━━━ DATA RECORDS
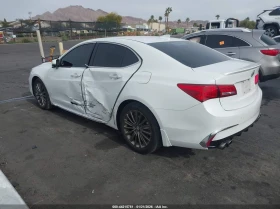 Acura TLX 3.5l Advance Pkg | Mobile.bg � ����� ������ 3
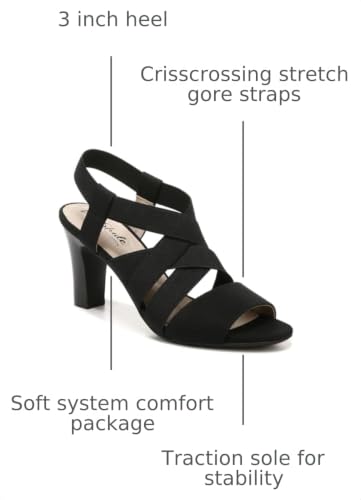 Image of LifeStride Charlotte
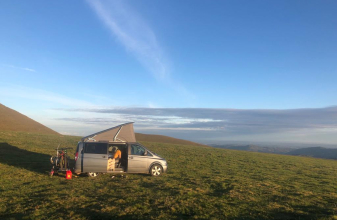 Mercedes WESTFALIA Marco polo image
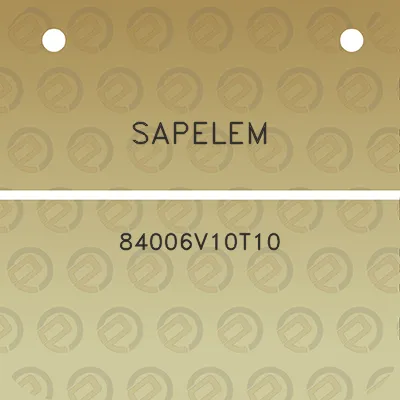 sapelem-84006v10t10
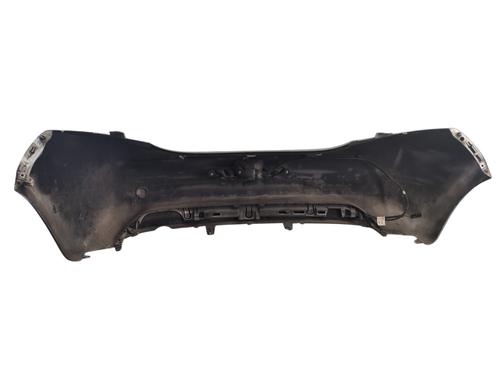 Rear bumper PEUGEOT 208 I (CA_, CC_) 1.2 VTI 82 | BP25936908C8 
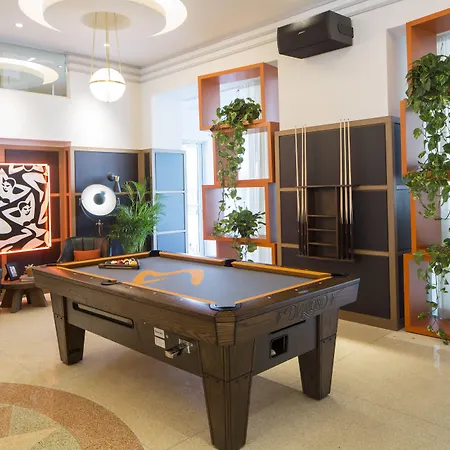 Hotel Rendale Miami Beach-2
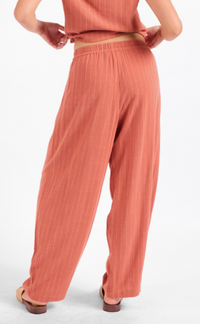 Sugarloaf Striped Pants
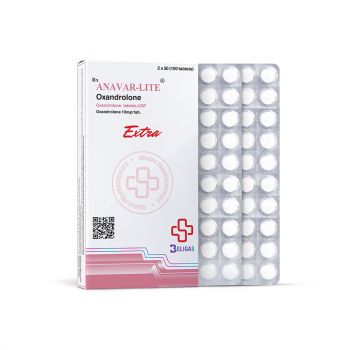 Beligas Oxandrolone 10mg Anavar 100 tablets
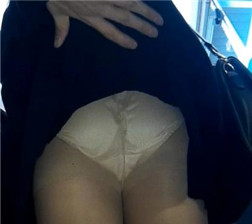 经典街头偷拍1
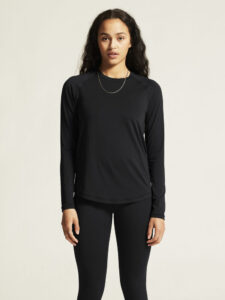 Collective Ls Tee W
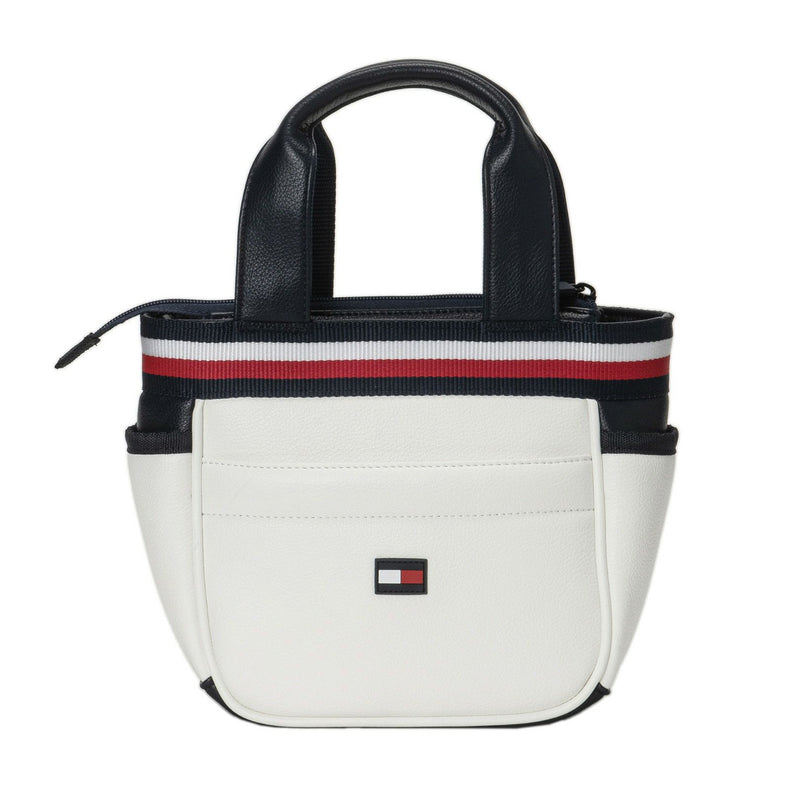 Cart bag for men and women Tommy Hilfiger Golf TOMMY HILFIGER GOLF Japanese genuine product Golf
━━━━━━
■ **THE PROBLEM**: Keep out the pictures, and copy exactly the lines from the one that contains "sapelem-84006v10t10" through the final line of the records above, both ends included.

■ **SOLUTION TO THIS EXERCISE**:
 sapelem-84006v10t10
 Rear bumper PEUGEOT 208 I (CA_, CC_) 1.2 VTI 82 | BP25936908C8 
 Hotel Rendale Miami Beach-2
 Sugarloaf Striped Pants
 Beligas Oxandrolone 10mg Anavar 100 tablets
 经典街头偷拍1
 Collective Ls Tee W
 Cart bag for men and women Tommy Hilfiger Golf TOMMY HILFIGER GOLF Japanese genuine product Golf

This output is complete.